DATA UNDER STUDY —
▽
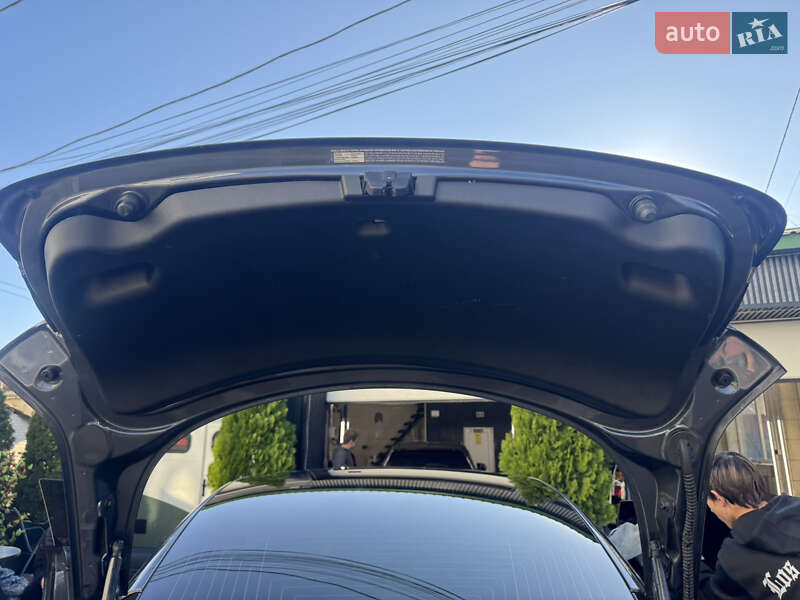 Седан Tesla Model 3 2020 в Одесі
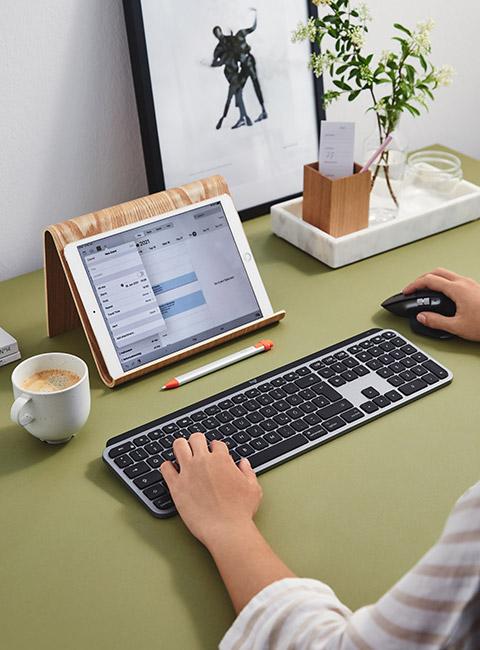 Zbliżenie na tablet na biurku z bezprzewodową klawiaturą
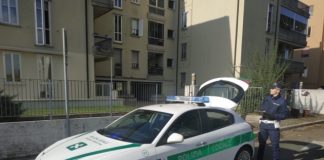 “Sua figlia ha provocato un grave incidente, deve pagare”: 89enne truffata da un finto agente di Polizia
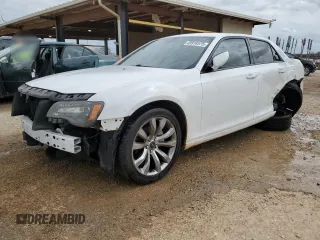 2014 Chrysler 300 S z VIN 2C3CCABG9EH355583, wystawiony jako Copart lot #49918575 z przebiegiem 144 219 mil mil oraz Szkoda całkowita • Salvage title. Historia ofert i sprzedaży dostępna na DreamBid. Obrazek 1.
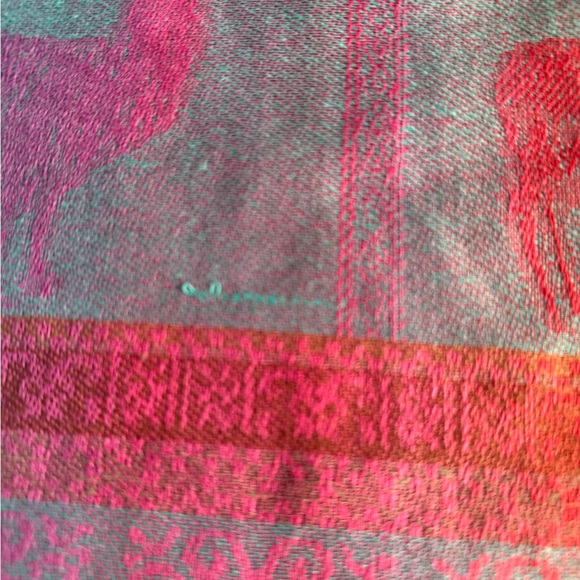 NWT Chilean Alpaca 100% Pashmina. Blue, Purple, Gold W/shades of pink & green. - Picture 9 of 13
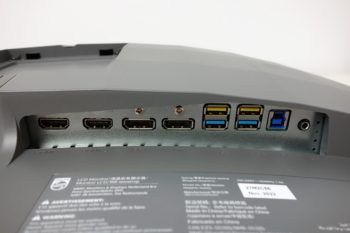 Anschlüsse: 2 x DisplayPort, 2 x HDMI, 4 x USB und 1 x Kopfhörerausgang
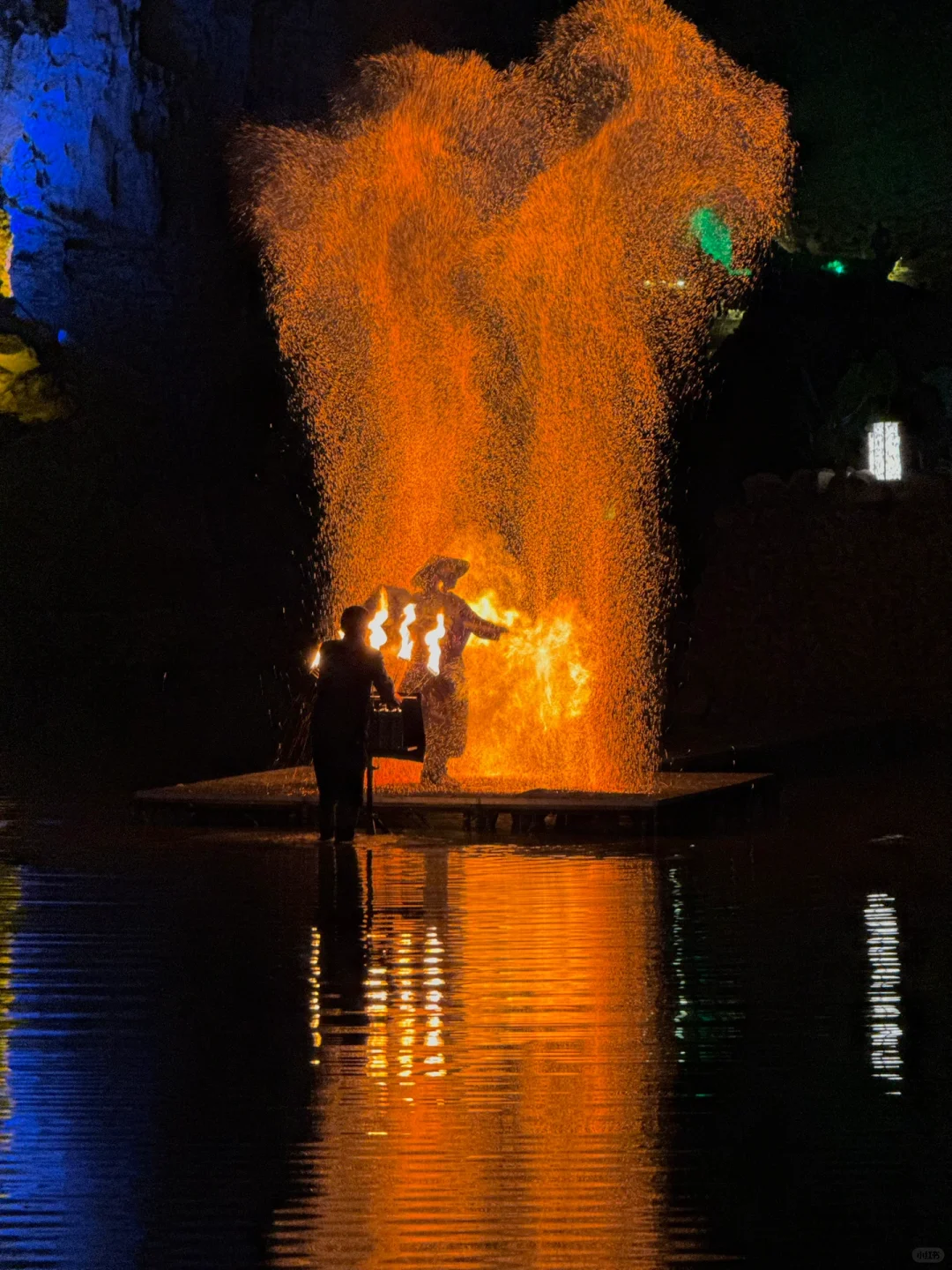 我很少用“震撼”来形容一个地方！成都🚅直达！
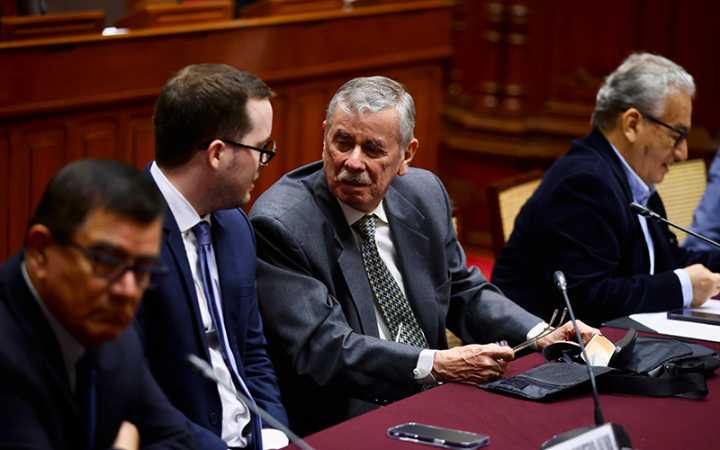 Pacto no alcanza votos en el Pleno para que congresistas puedan hacer campaña política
△
ASSIGNMENT —
Each of the lines above should be transcribed exactly; no image is to be copied.

ANSWER SPACE —
 Седан Tesla Model 3 2020 в Одесі
 Zbliżenie na tablet na biurku z bezprzewodową klawiaturą
 “Sua figlia ha provocato un grave incidente, deve pagare”: 89enne truffata da un finto agente di Polizia
 2014 Chrysler 300 S z VIN 2C3CCABG9EH355583, wystawiony jako Copart lot #49918575 z przebiegiem 144 219 mil mil oraz Szkoda całkowita • Salvage title. Historia ofert i sprzedaży dostępna na DreamBid. Obrazek 1.
 NWT Chilean Alpaca 100% Pashmina. Blue, Purple, Gold W/shades of pink & green. - Picture 9 of 13
 Anschlüsse: 2 x DisplayPort, 2 x HDMI, 4 x USB und 1 x Kopfhörerausgang
 我很少用“震撼”来形容一个地方！成都🚅直达！
 Pacto no alcanza votos en el Pleno para que congresistas puedan hacer campaña política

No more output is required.